[RECORDS TO PROCESS — start]
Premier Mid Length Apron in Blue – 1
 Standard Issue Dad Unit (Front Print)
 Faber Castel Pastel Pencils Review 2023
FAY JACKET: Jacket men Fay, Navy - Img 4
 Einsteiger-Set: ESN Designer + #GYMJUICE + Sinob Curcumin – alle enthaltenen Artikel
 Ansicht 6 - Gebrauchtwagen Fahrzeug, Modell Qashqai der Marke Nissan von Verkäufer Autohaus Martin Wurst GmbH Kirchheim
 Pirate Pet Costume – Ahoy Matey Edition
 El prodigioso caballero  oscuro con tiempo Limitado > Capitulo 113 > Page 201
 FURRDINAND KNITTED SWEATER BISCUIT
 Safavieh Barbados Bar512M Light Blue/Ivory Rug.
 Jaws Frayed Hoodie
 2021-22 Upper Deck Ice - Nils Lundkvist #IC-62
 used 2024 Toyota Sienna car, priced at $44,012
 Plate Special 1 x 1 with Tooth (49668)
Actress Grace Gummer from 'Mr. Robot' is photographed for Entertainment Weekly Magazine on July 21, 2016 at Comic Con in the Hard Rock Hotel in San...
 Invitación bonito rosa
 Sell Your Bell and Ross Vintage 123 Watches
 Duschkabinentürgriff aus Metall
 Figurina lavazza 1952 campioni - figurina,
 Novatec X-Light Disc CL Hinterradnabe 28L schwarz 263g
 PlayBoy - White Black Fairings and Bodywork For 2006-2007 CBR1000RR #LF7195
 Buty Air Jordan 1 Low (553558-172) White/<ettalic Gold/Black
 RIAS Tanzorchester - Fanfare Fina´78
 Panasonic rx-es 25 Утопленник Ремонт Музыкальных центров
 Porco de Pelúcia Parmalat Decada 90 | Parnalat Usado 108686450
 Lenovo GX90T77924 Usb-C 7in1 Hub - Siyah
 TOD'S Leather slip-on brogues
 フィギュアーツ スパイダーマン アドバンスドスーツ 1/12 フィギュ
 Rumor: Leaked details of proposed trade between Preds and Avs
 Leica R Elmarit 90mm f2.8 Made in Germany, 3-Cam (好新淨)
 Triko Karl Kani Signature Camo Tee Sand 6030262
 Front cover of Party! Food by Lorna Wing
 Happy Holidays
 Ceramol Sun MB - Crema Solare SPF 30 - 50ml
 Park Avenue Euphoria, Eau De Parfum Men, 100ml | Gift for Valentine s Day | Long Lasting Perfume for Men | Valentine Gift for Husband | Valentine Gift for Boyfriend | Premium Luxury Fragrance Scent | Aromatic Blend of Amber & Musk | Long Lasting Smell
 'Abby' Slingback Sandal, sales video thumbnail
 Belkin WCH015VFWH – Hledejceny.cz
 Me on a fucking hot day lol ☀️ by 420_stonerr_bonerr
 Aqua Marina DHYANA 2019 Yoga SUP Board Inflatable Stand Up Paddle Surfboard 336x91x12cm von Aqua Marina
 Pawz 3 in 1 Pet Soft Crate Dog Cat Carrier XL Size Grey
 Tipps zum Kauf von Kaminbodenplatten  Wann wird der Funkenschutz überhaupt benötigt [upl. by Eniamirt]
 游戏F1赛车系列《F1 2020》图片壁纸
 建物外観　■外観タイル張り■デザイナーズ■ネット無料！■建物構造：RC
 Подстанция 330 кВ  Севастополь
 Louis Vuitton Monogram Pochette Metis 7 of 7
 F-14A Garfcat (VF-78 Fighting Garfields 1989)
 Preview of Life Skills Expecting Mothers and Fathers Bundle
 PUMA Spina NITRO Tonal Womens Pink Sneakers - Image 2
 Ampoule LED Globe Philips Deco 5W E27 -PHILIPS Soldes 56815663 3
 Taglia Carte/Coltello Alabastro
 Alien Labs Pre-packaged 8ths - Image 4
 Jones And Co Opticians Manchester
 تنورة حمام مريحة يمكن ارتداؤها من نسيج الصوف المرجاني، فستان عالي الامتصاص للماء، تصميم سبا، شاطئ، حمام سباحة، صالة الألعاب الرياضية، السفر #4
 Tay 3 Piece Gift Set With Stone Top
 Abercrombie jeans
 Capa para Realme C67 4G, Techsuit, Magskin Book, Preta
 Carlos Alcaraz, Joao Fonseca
[RECORDS TO PROCESS — finish]
■ EXERCISE DIRECTIONS
Your task is to retype, exactly and only, the lines from the one with "تنورة حمام مريحة" through the final line above.

■ YOUR RESPONSE
 تنورة حمام مريحة يمكن ارتداؤها من نسيج الصوف المرجاني، فستان عالي الامتصاص للماء، تصميم سبا، شاطئ، حمام سباحة، صالة الألعاب الرياضية، السفر #4
 Tay 3 Piece Gift Set With Stone Top
 Abercrombie jeans
 Capa para Realme C67 4G, Techsuit, Magskin Book, Preta
 Carlos Alcaraz, Joao Fonseca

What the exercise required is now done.